Friday, February 01, 2013

Online publication protected by first sale? or just fair use?

Stevo Design, Inc., v  SBR Marketing Ltd., 11-CV-00304 (D. Nev. Jan. 25, 2013)

Stevo sued SBR, mostly for copyright and trademark infringement. The court initially dismissed the complaint for lack of extraterritorial jurisdiction, but reversed itself on a Rule 59(e) motion and dismissed the complaint on other grounds.  Stevo sells pay per view and subscriptions to access “electronically-distributed sports betting reports, including compiled sports handicapping information.”  SBR, a foreign corporation with its principal place of business in Costa Rica, operates sbrforum.com, which publishes sports betting and handicapping information.
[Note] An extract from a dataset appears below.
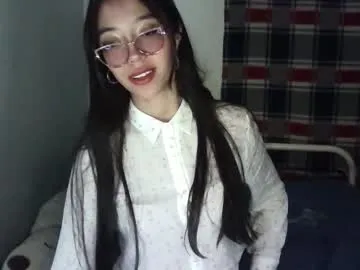 mikhaela_ — GOAL: Blob job [70 tokens remaining] Welcome to my room! #pussy #18 #latina #chorro #cum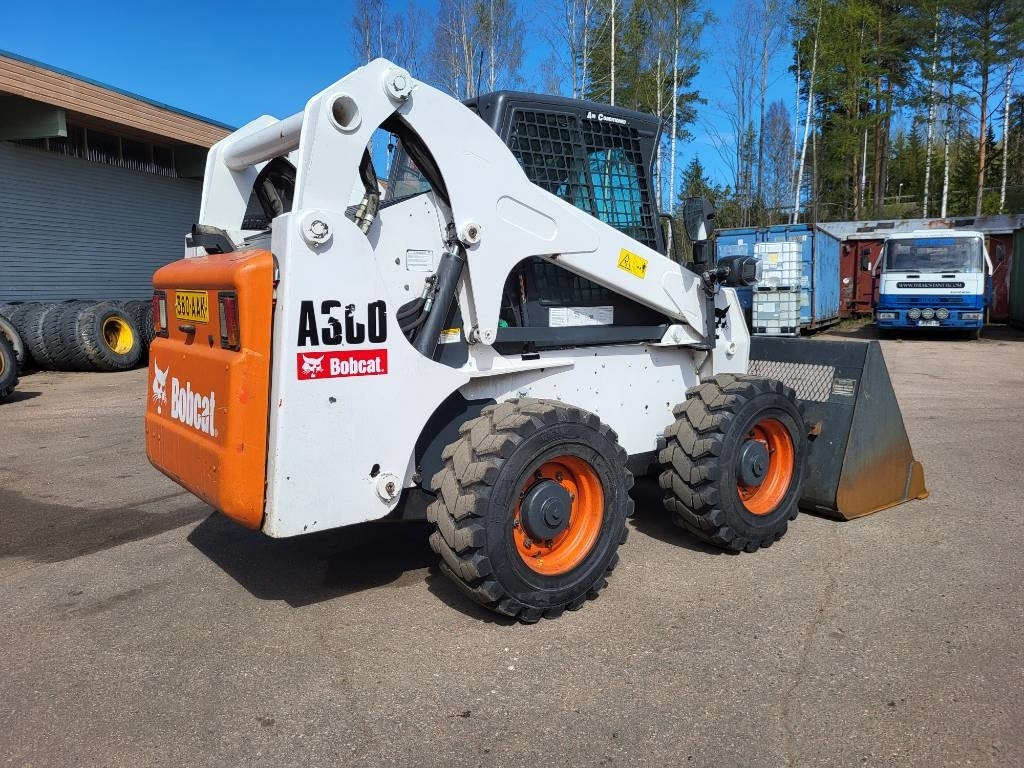Мини челен товарач Bobcat A 300: снимка 10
Its message board allows users to post messages related to sports betting and handicapping.  Defendant Daniele, a Virginia resident, uses SBR.  SBR encourages visits through “loyalty points,” which are awarded for logging on and for contributing content to the message board.  Extra points are available for well-thought-out “original” content.  Users can also give each other loyalty points.  Loyalty points may be redeemed for credits at offshore gambling websites, and they’re even redeemable for cash as long as they’re gambled with first.
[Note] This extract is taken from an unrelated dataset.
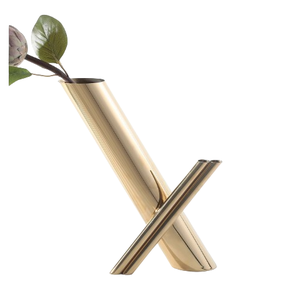 Florero de Diseño Único con Acabado Dorado, Decoración de Mesa, Floreros para Bodas y Fiestas, Florero Metálico Moderno para Hogar y Jardín - Product Image 5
Stevo’s complaint alleged 65 causes of action, including trademark infringement, copyright infringement, and Florida and Nevada state law claims based on the unlicensed publication of Stevo’s works.  For example, Daniele allegedly purchased sports analysis from Stevo and then posted it on the message board.

The court initally dismissed the complaint for want of subject matter jurisdiction because the copyright and trademark laws lack extraterritorial force.  It revised its opinion because Stevo identified a US user who uploaded reports.  On reconsideration, the court determined that it had the power to hear the case, but that the claims weren’t properly pleaded.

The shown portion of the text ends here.